Akibatnya, kendati pengelolaan sesuatu pasar menjadi kewajiban
pemerintah satu kotamadya, hasilnya malah dibagi dengan instansi
lain. Apa boleh buat, sebagian besar dari 51 negari yang
menguasai Pasar Payakumbuh misalnya, berada di wilayah Kabupaten
Lima Puluh Kota. Karenanya, "seperti sebuah perusahaan, saham
kami cuma kecil," sebagaimana dikatakan seorang pejabat di
Balaikota Payakumbuh. Desa yang berada di Kotamadya Payakumbuh
memang cuma 7 buah.
Pola kerok (dualisme) penguasaan pasar itu ada dasar hukumnya
yaitu Surat Keputusan Gubernur No. 18/1971. Itu tampaknya
terpaksa ditempuh Gubernur Sumatera sarat dulu (Harun Zain)
karena di Sumatera sarat banyak orang tahu lembaga adat memang
kuat. Ketika Gubernur Azwar Anas yang tampil kemudian
mengemukakan gagasan menerbitkan SK baru yang isinya melepaskan
keikut-sertaan negari-negari atas penentuan nasib sesuau pasar,
niatnya ini dicegah stafnya. "Sebab hal itu bisa menimbulkan
akibat politis," sebagaimana dikatakan salah seorang staf Anas
kepada Muchlis Sulin dari TEMPO.
Jadi Kecil
Kesulitan yang dialami para walikota antara lain menyangkut soal
pendapatan daerah. Sebab dengan SK Gubernur tahun 1971
ditentukan 40% pendapatan pasar diserahkan kepada negari, 30%
untuk perbaikan. Jadi, persentase bersih yang bisa dimanfaatkan
kotamadya untuk kepentingan lain hanya sebagian kecil saja.
Bertolak dari keinginan meningkatkan pendapatan, beberapa
walikota pernah mencoba menaikkan tarif. Ini tal gampang
dilaksanakan. Sebab para pedagang sebagaimana biasa terjadi di
berbagai tempat, pada umumnya selalu keberatan. Maka kericuhan
sering terjadi. Sebab kaum pedagang selalu mempersoalkan bahwa
yang berwenang atas pasar-pasar itu tak cuma pemerintah
kotamadya, tapi juga negari yang sebagian besar terletak di luar
kota.
Belum jelas kapan kericuhan-kericuhan tersebut berakhir. Tapi
belakangan ada usul dari para Walikota agar pasar-pasar itu
dijadikan Perusahaan Daerah. Menurut kalangan pejabat di kantor
gubernur usul itu bagus. Sebab dengan begitu campur tangan
pemerintah kotamadya tidak akan begitu kelihatan. Tak kecuali
tentunya campur tangan serikat negari.
Hanya masalahnya, usul ini tak juga mudah dilaksanakan.

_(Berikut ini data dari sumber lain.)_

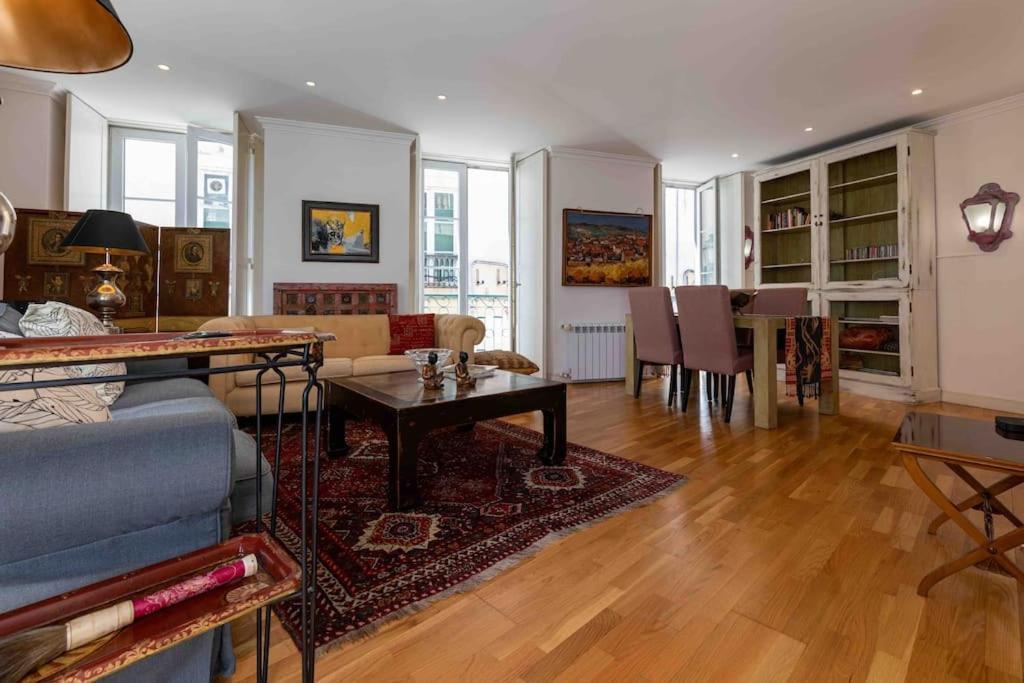 Historical 3 Bedroom Duplex In Apartment Lisbon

Terdengar suara, jangan-jangan dalam penentuan komposisi saham
serikat negari ingin lebih besar. Hal mana dianggap tidak adil
oleh kalangan orang-orang kotamadya. Maka ketika ditanya kapan
rencana menjadikan pasar di beberapa kotamadya di Sumatera Barat
itu dilaksanakan, drs Hawari Sidik sebagai jurubicara kantor
gubernur cuma berkata "pokoknya masih disiapkan."